Miroslav,
You have not revealed the result of the experiment I suggested, so I
don't know whether the Linux kernel performs as expected with the
original design parameters.
I think we are done with this discussion. The kernel discipline loop is
conservatively designed according to sound engineering practice. This is
the practice in the systems engineering course I taught over several
years. You are invited to obstruct that practice to your own ends, but
not in the public distribution.
Dave
Miroslav Lichvar wrote:
On Wed, Jun 30, 2010 at 10:00:06PM +0000, David L. Mills wrote:
Is there somebody around here that understands feedback control
theory? You are doing extreme violence to determine a really simple
thing, the discipline loop impulse response. There is a much simpler
way.
It was a demonstration of what clknetsim can do. You may be able
to predict the result, but I'm not. I think being able to verify a
theory with simulations is always a good thing.
Of particular importance is the damping factor, which is evident
from the overshoot. If SHIFT_PLL is radically changed, I would
expect the overshoot to be replaced by an exponentially decaying
ring characteristic.
That's not what I see in tests on real hw and simulations with
SHIFT_PLL 2.
The change in SHIFT_PLL would result
in unstable behavior below 5 (32 s), as well as serious transients
if the discipline shifts from the daemon to the kernel and back. All
feedback loops become unstable unless the time constant is at least
several times the frequency update interval, which is this case is
one second. If you do want to explore how stability may be affected,
restore the original design and recompile the distribution with
NTP_MINPOLL changed from 3 to 1.
Is poll 1 SHIFT_PLL 4 really equal to poll 3 SHIFT_PLL 2 in this
respect? If you can provide information how to demostrate the
instability with SHIFT_PLL 2 and normal polls, it'll be much easier to
convince the kernel folks to change it back to 4.
With polls 3-10 and SHIFT_PLL 2, the only instability I've seen is
with very long update intervals (e.g. when the network connection
repeatedly goes up and down), the frequency will eventually start
jumping between +500 and -500 ppm. But kernel loop with SHIFT_PLL 4
and daemon loop with small poll intervals have the same problem, the
threshold is just 4 times higher for them.
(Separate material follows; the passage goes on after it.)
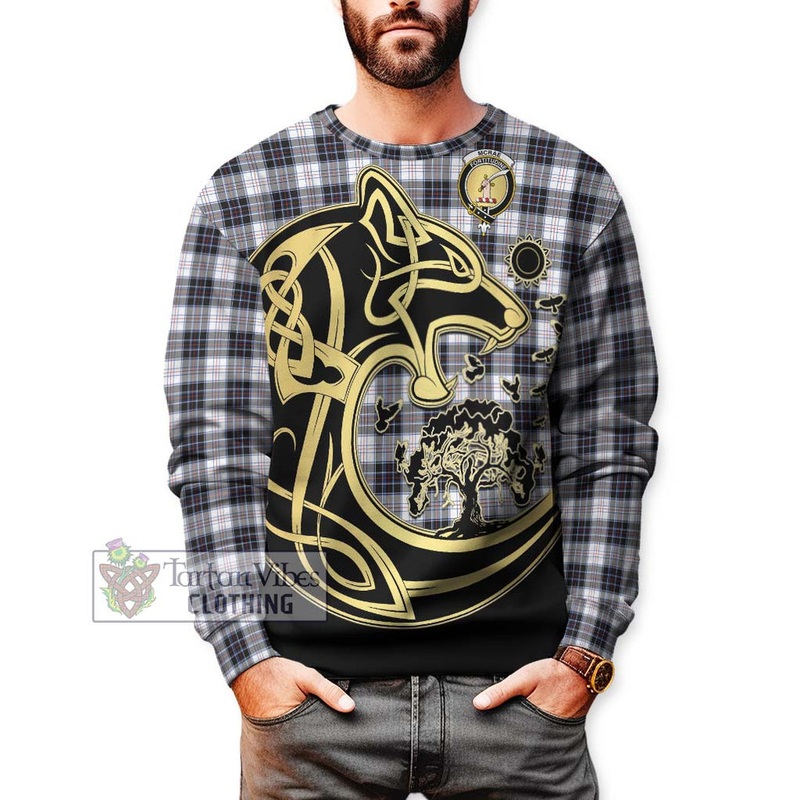 McRae Dress Modern Tartan Sweatshirt with Family Crest Celtic Wolf Style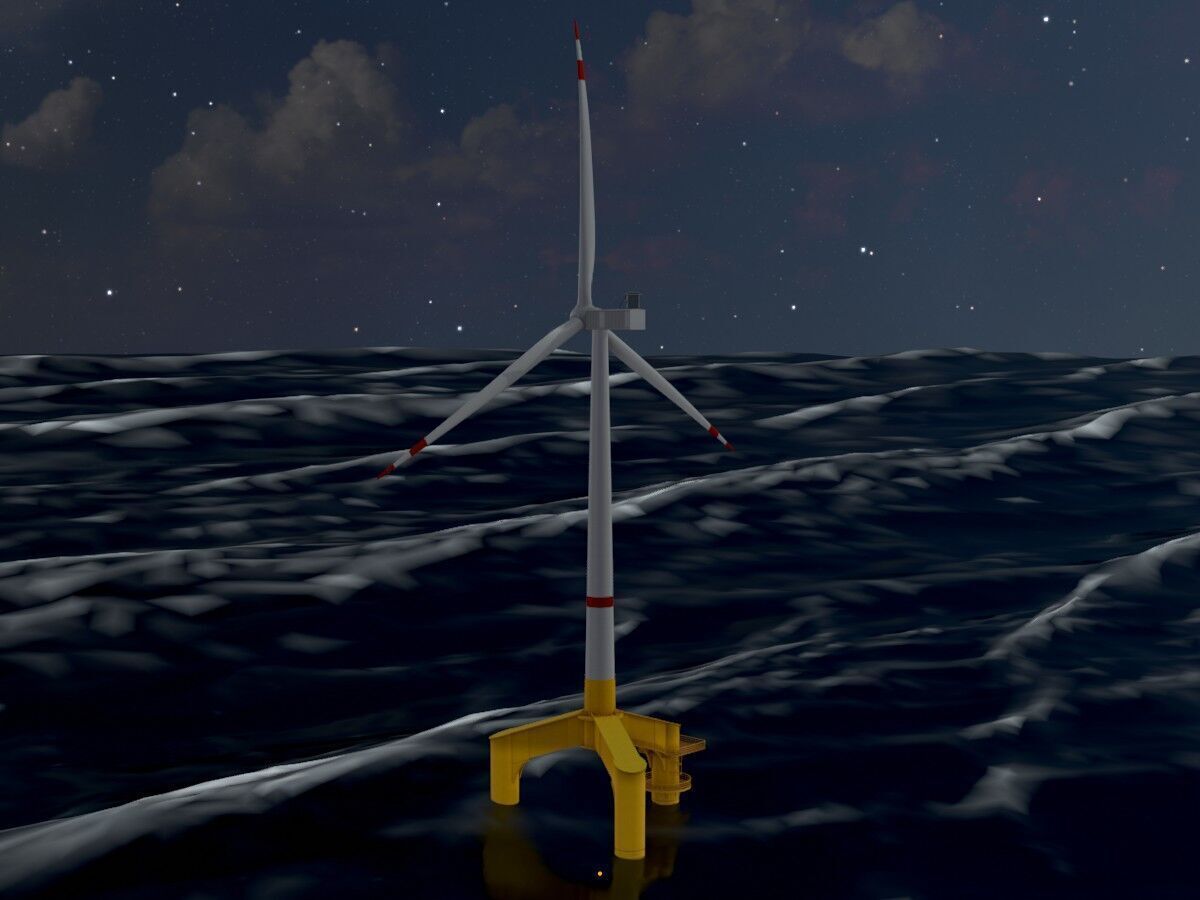 Wind turbine with Tripile Offshore Foundation V1 H-120 RD160 m Low-poly 3D model_4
clknetsim has a pll_clamp option which can be enabled to avoid this
instability, it clamps the PLL update interval to
tc * (1 << (ntp_shift_pll + 1)), where tc is the time constant in
seconds. I will be doing more testing with it and possibly propose to
include a similar code in the kernel.
As for runtime switching between daemon and kernel discipline, I
haven't tried that. I didn't even know it is supported by ntpd.
To fix the original problem reported to me, change the frequency
gain (only) by the square of 100 divided by the new clock frequency
in Hz. For instance, to preserve the loop dynamics with a 1000-Hz
clock, divide the frequency gain parameter by 100. In the original
nanokernel routine ktime.c at line 60 there is a line
SHIFT_PLL * 2 + time_constant.
Replacing it by SHIFT_PLL * 20 + time_constant would fix the
progblem for 1000-Hz clocks.
I'm not a kernel developer, but I think this is already fixed. Current
kernels can be configured to use a dynamic HZ (CONFIG_NO_HZ aka
tickless mode), so the ntp code had to be rewritten to allow such
operation. With SHIFT_PLL 4, the response and the overshoot is exactly
as you describe it should be.
BTW, the effect of changing SHIFT_PLL to 2 on clock accuracy in
various network conditions is shown here:
http://fedorapeople.org/~mlichvar/clknetsim/test1_exp.png
With poll 6 and 10ppb/s wander, the crossover is around 10ms jitter.
With larger jitters SHIFT_PLL 2 can be up to 2 times worse (it seems
this can't be improved by lowering the poll interval) and with very
small jitters it can be about 50 times better.